Since President Obama nominated him to become the nation's 24th secretary of defense, Republicans, particularly those on the Senate Armed Services Committee, have impugned Senator Chuck Hagel's policy positions, his character, and even his patriotism. Last week, Senate Republicans filibustered his nomination, thus delaying his confirmation at least another 10 days.
Senator James Inhofe, the committee's ranking member, claimed that Hagel's policy work is out of the mainstream and that he subscribes to a worldview predicated on appeasing our adversaries and shunning our friends. To prove this claim, Inhofe noted that Hagel's nomination has been endorsed by the Iranian Foreign Ministry, arguing that "you cannot get any cozier than that."
The newly-minted senator from Texas, Ted Cruz, argued that Hagel's confirmation will make military conflict in the next four years substantially more likely by encouraging Iran to speed up its nuclear program. Cruz also accused Hagel of getting cozy with terrorists and countries that oppose U.S. interests, even demanding to know if any of his income over the last five years could have come "directly from North Korea."
Finally, in their questioning during his confirmation hearing, Senators John McCain and Lindsey Graham, haranguing and interrupting, treated Senator Hagel as if he were on trial, rather than a distinguished public servant and war hero once again answering his nation's call to serve. To his credit, McCain did chastise his Republican colleagues for impugning Hagel's character and his integrity in the committee meeting to vote on his nomination. But that didn't make up for the way he treated Hagel during the hearings.
While Hagel had to play defense during the hearing, that will change when he gets to the Pentagon.
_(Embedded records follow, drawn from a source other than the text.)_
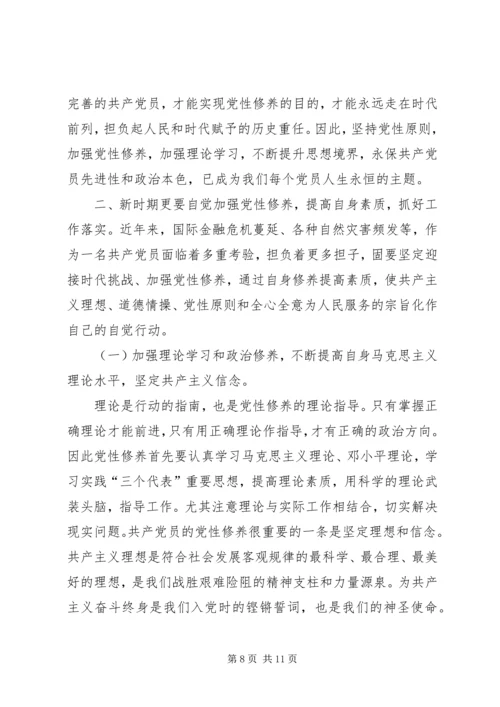 党性修养学习体会.docx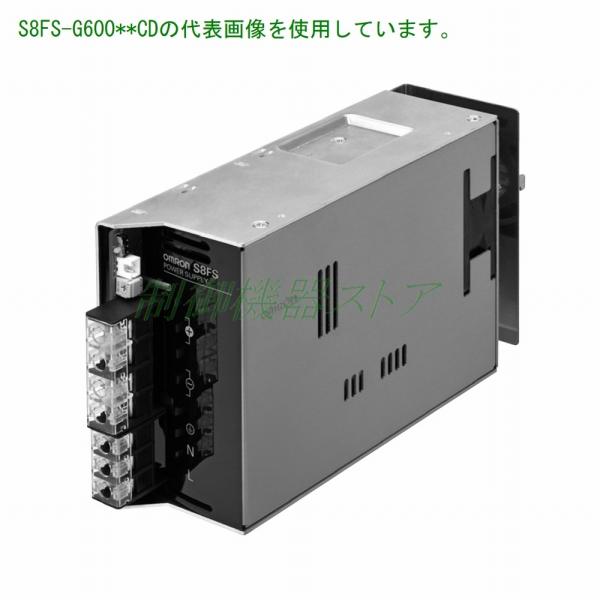 S8FS-G60024CD AC100/200v入力 DC24v出力 600w レール取付 オムロン パワーサプライ 請求書/領収書可能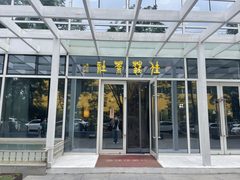 上地现房 弘源首著 双电梯整层 - 缩略图 20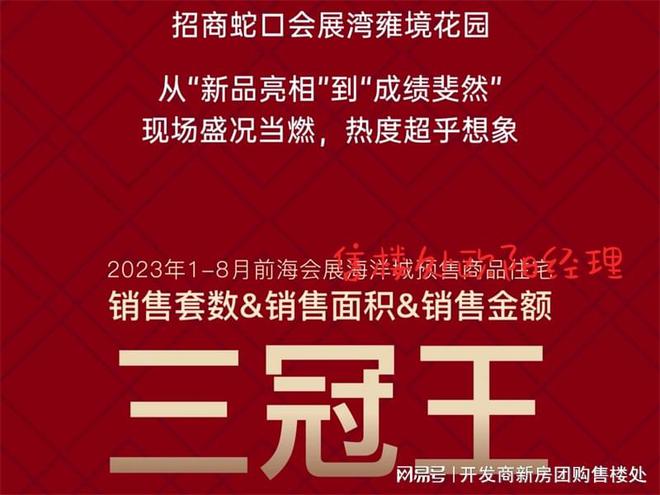 谷歌安卓 10 系统：全新手势导航与深色主题模式，带来更优体验  第4张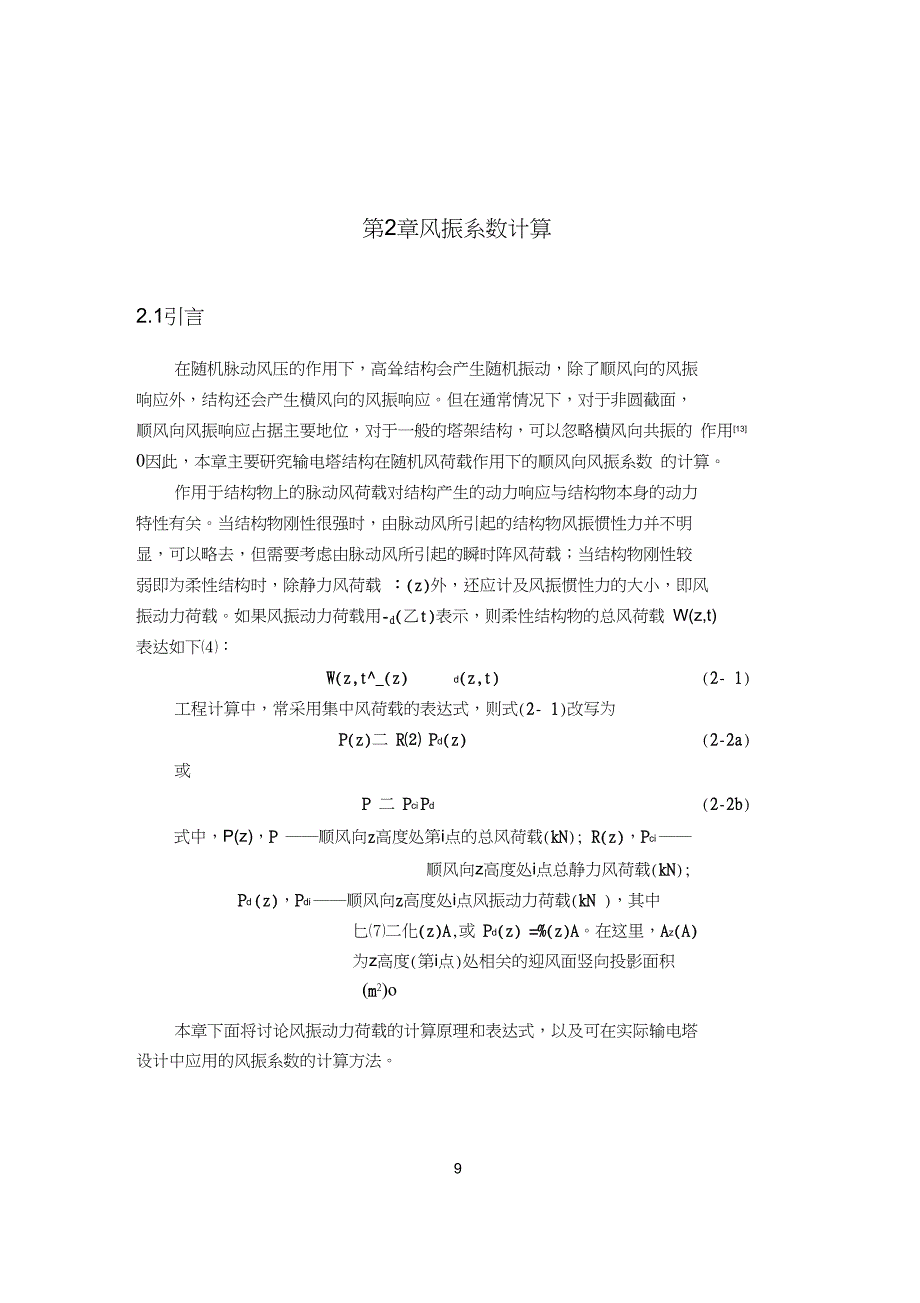 3-第二章风振系数计算_第1页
Based upon his past experience in business, the non-profit world, and the Senate, he will be a take-charge leader, and one of his challenges will be reducing defense spending. And his choices could hurt the constituents of the very officials who have done the most to hurt him.
Neither Hagel, nor any secretary of defense, can close military bases unilaterally, but he can have a large impact on which bases are part of the list that is sent to the Base Realignment and Closure Commission. In 1995, then-Secretary of Defense William Perry resisted pressure from some in the Air Force to place two major logistics bases in Texas and California on the list. When the commission overruled Perry and put them back on the list for closure, Perry mitigated the economic impact on the states by privatizing the bases. Similarly, even before unveiling his list in 2005, Secretary of Defense Rumsfeld made it known that Ellsworth Air Force Base in South Dakota would be on the closure list. Although the commission refused to support this, the commotion surrounding the decision undermined Minority Leader Senator Tom Daschle's 2004 reelection bid, which he lost.
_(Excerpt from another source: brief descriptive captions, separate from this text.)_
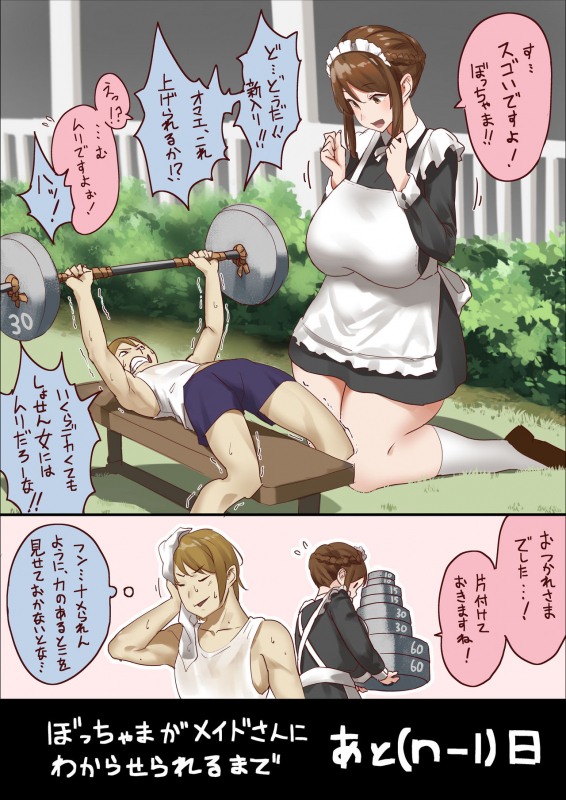 [Uru] master and maid [Ongoing]_01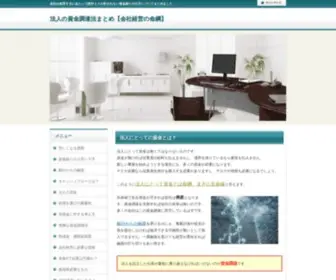 JSD-Union.org(流通労働組合連合）) Screenshot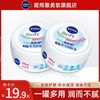 NIVEA 妮维雅 男士面霜保湿补水滋润清爽不油腻擦脸油护脸霜润肤霜护手霜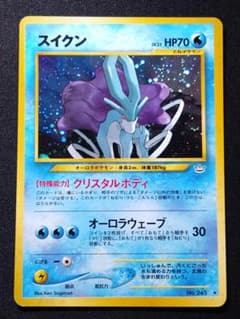 スイクン No.245 旧裏 neo3 めざめる伝説 ホロ ポケモンカードのサムネイル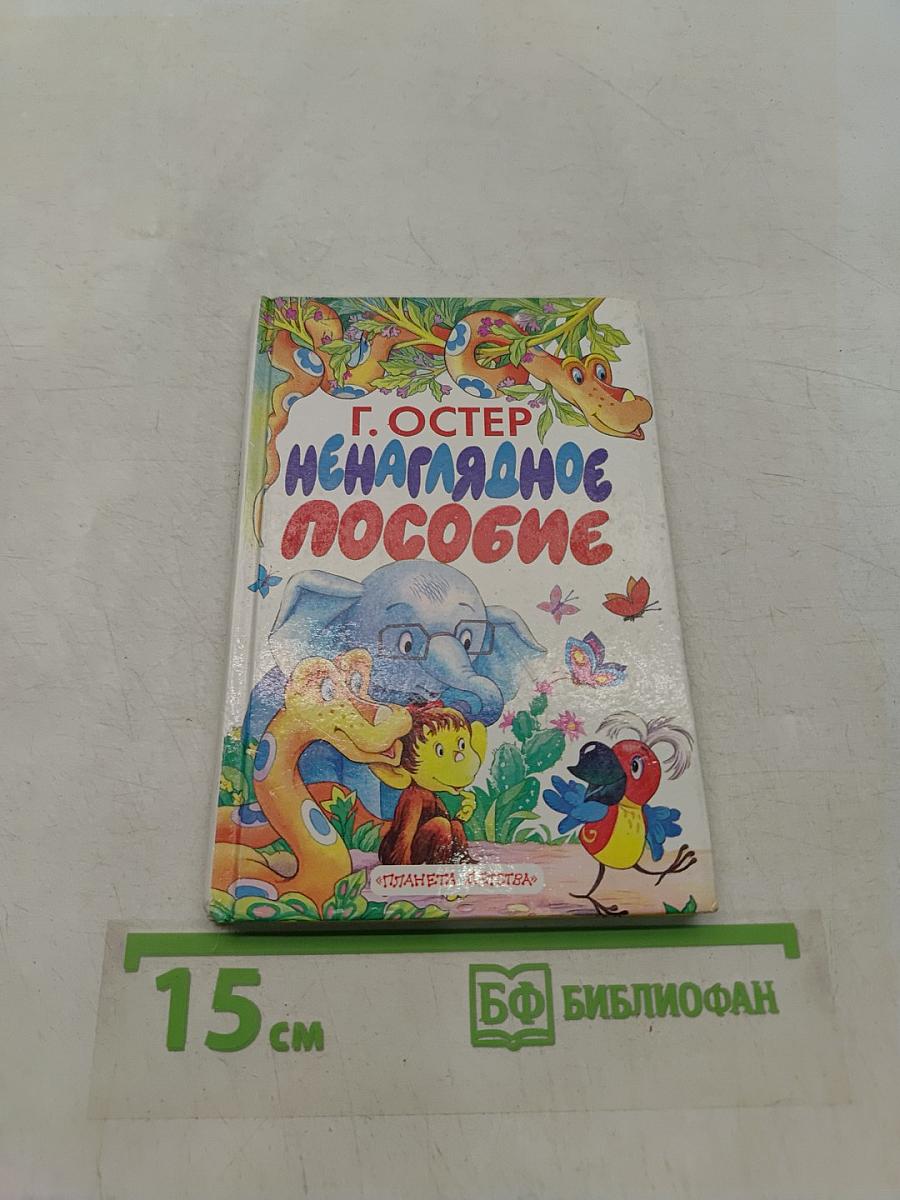 Ненаглядное пособие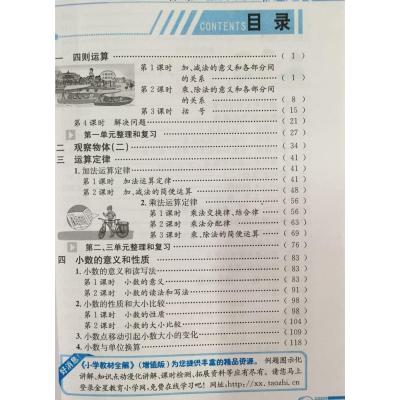 小学教材全解四年级数学下册(人教版)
Secretaries can also exert significant economic influence on states and districts by transferring units from one base to another or by disestablishing units altogether. Secretary Gates moved the homeport of a carrier from Norfolk, Virginia to Jacksonville, Florida and decided where in the country units being withdrawn from Japan or Germany would be relocated. Secretary Panetta tried to disband several Air National Guard units.